練上嘯裂香爐 外径 W11.2cm D11.2cm 内径 W8.9cm D8.9cm H(陶器7.2cm 火舎含む10.2cm)
練上嘯裂香爐 外径 W11.2cm D11.2cm 内径 W8.9cm D8.9cm H(陶器7.2cm 火舎含む10.2cm)
松井 康成(宮城 美明)Matsui Kousei(Miyagi Mimei)
松井康成、本名宮城美明(みめい)の父である宮城興四郎は、長野県北佐久郡の製糸工場に勤めていましたが、昭和恐慌の煽りを受けて川崎市に染工場を開業。美明は神奈川県立平塚工業学校に入学しましたが、川崎の自宅が戦災により焼失。父の生家である茨城県笠間町に家族は疎開移住をし、同校を卒業した美明も終戦後にこの地へ移り住みます。この頃笠間にある浄土宗月宗寺下の奥田製陶所にて、轆轤の技術を学んでいます。
上京し明治大学専門部文科文芸科に入学した美明は、小説家を志すと同時に、浄土宗律師養成講座を大正大学にて受講し、仏門への道を歩み始めます。一方で東京国立博物館に通い、中国・日本・朝鮮の古陶磁研究を始めたのもこの頃でした。1952年、卒業後に月宗寺の住職松井英巧の長女秀子と結婚し、松井姓を名乗るようになります。翌年英巧が病に伏すと月宗寺に入り、1955年には住職となりました。美明30歳の時でした。

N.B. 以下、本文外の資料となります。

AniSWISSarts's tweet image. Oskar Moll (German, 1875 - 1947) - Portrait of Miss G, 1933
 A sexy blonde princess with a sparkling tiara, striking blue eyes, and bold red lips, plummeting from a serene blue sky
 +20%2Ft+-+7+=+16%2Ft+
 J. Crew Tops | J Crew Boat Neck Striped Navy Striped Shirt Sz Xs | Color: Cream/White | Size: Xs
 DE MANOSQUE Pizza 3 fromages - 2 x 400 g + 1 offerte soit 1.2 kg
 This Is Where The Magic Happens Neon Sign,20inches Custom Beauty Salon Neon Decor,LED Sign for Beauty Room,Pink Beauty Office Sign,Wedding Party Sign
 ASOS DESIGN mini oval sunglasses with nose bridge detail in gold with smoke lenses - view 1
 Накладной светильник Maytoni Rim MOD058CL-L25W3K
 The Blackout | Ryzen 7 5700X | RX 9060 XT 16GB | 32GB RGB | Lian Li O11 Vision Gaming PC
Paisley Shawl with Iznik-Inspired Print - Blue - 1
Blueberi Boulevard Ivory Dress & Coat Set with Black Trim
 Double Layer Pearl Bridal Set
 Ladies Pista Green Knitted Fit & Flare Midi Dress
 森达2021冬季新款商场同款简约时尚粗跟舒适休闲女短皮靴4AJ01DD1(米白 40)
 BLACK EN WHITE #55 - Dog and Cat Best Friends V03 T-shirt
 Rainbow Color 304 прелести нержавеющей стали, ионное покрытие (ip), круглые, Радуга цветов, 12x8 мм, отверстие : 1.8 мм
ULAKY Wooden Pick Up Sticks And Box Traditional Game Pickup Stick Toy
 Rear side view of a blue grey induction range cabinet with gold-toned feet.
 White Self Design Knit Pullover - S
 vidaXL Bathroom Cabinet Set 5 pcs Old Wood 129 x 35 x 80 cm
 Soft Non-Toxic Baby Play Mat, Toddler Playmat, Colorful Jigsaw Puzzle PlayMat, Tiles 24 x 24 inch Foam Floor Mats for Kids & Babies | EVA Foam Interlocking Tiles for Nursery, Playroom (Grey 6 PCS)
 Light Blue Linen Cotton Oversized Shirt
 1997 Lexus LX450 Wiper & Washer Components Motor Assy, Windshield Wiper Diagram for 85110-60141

境内には江戸時代に築かれた窯があり、1960年にこれを復興。古陶磁研究に基づく倣古作品を作り始めます。この時期、後に代名詞となる練上技法の研究にも取り掛かります。私生活では息子が生まれ「康成」と名付けますが、美明がある時この名を用いて作品を発表し入選したことから、以降「松井康成」の名を自ら用いるようになりました。
練上とは色や濃淡の異なる粘土を合わせ、伸縮で模様を表す技法です。粘土の収縮率の違いなどからひび割れが起きやすく、高い技巧が必要とされます。1966年、のちの人間国宝田村耕一に師事した際に練上の才を指摘され、この道を極めることを決意。以降、練上を表現技法の主とした最初の作家として名を高めていくことになります。
康成は坏土を同一の物とし、少量でも発色の良い呈色剤との組み合わせにより色の違いを生む「同根異色」の技法を編み出します。また、練上では不可能と言われていた轆轤成形にも成功。円筒に粘土を巻きつけ紋様を整えた上で円筒を抜き取り、轆轤の遠心力を利用して内側から手を加えることで生じる複雑な文様は「嘯(しょう)裂紋」と呼ばれ、これらを用いた作品は新しい陶磁の表現として、後進に多大な影響を与えました。
複雑な文様を自在に操る康成の作品は、土の質感を活かした朴訥な物から艶のある肌触りに色彩を楽しむような物など多岐に渡りますが、それらのどれからも深い見識と宇宙観を感じさせる辺りが、凡百の作家と一線を画すところであると言えるでしょう。